Israeli holding company

Israel Corporation (החברה לישראל) (also Israel Corp) is Israel's largest holding company. It was founded in 1968 by the Government of the State of Israel.

50% of its manufacturing activities and 70% of its consolidated revenues derive from global operations. Its core holdings are fertilizers and specialty chemicals, energy, shipping and transportation. Israel Corp is a constituent of the TA-35 Index of leading shares of the Tel Aviv Stock Exchange. Two of its major holdings, Israel Chemicals and Oil Refineries Ltd are also constituents of the TA-35 Index.

==History==
The Israel Corp was founded by the government of Israel in 1968, together with Shaul Eisenberg, who was one of the first strategic foreign investors in Israeli history, under the initiative of then Minister of Finance, Pinchas Sapir of the Israeli Labor Party, who changed the Encouragement of Capital Investments Law to attract foreign investment. The change ensured that the company's owners were exempt from taxes for 30 years and received other benefits.

In 1975, the director general of Israel Corp, Michael Tzur, was sentenced to 15 years in prison after he was convicted on 18 counts of embezzlement, theft, fraud and bribery.
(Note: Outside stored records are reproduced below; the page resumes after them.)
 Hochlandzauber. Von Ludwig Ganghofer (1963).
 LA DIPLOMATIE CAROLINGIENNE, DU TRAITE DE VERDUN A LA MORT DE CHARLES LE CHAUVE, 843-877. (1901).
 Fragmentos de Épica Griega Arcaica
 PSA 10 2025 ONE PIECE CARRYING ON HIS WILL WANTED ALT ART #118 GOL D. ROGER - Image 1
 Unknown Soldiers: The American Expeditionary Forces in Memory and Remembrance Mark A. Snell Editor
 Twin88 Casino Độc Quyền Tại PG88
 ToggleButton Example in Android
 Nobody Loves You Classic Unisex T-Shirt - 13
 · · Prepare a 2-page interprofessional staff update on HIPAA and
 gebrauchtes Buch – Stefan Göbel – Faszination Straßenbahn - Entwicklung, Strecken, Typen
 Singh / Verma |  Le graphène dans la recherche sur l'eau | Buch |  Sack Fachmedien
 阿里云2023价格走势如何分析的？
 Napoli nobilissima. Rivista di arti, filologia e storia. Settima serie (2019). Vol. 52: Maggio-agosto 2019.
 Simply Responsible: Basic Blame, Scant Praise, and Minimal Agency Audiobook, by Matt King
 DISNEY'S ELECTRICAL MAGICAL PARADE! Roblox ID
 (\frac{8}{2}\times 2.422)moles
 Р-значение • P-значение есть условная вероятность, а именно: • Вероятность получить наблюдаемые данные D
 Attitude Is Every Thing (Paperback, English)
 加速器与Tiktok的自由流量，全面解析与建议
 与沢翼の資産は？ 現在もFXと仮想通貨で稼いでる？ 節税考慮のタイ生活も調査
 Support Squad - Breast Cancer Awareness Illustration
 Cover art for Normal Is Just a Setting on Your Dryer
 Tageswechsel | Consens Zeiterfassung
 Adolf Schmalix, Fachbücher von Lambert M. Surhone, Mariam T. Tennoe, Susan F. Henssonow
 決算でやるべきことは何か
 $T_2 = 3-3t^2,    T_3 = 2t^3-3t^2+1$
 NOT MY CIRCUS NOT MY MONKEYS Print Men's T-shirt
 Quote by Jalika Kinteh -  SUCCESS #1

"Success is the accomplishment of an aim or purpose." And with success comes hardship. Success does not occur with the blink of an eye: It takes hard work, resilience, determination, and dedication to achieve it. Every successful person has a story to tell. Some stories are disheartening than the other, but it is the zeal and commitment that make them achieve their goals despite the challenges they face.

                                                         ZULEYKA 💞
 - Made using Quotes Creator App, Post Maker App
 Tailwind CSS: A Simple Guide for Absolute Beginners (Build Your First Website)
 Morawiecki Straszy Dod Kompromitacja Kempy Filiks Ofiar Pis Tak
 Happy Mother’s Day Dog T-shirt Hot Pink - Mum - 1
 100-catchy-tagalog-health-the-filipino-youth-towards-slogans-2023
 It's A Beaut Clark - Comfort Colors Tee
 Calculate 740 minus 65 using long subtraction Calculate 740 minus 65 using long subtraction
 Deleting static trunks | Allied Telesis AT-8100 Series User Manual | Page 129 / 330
He was released from prison in 1981.

Shares of the company were offered to the public in 1969, 1970, 1974 and 1982, and the company was listed on the Tel Aviv Stock Exchange in 1982.
After Eisenberg's death in 1998, the family sold control of the company to the Ofer family.

In 2007, 55% of the equity of the company was held by the Ofer Brothers Group, 18% by Bank Leumi and the remainder by the public.

==Major holdings==
Israel Corp's major holdings are Israel Chemicals, Oil Refineries Ltd, Tower Semiconductor, Kenon Holdings and Zim Integrated Shipping Services.

==Criticism==
The Israel Corporation was criticized in a documentary film examining the influence of big business on Israeli politics. The movie The Shakshuka System chronicles the history of the company, and how it had allegedly benefited from a "revolving-door" practice between the public and the private sector, from its extensive network of connections in Israel's political system and economic circles, and from a high degree of influence on local media to squelch potential criticism. Among the major allegations presented by the film was the Bazan sale incident, in which the company's stake in the country's largest oil refinery was bought out by Israel's treasury, for what many considered to be an overvalued sum, especially since Israel Corp. was bound by an agreement to return its holding of Bazan to the state without compensation. The company had allegedly blocked the film from being broadcast on any of Israel's commercial TV channels, and it was finally broadcast on Channel One.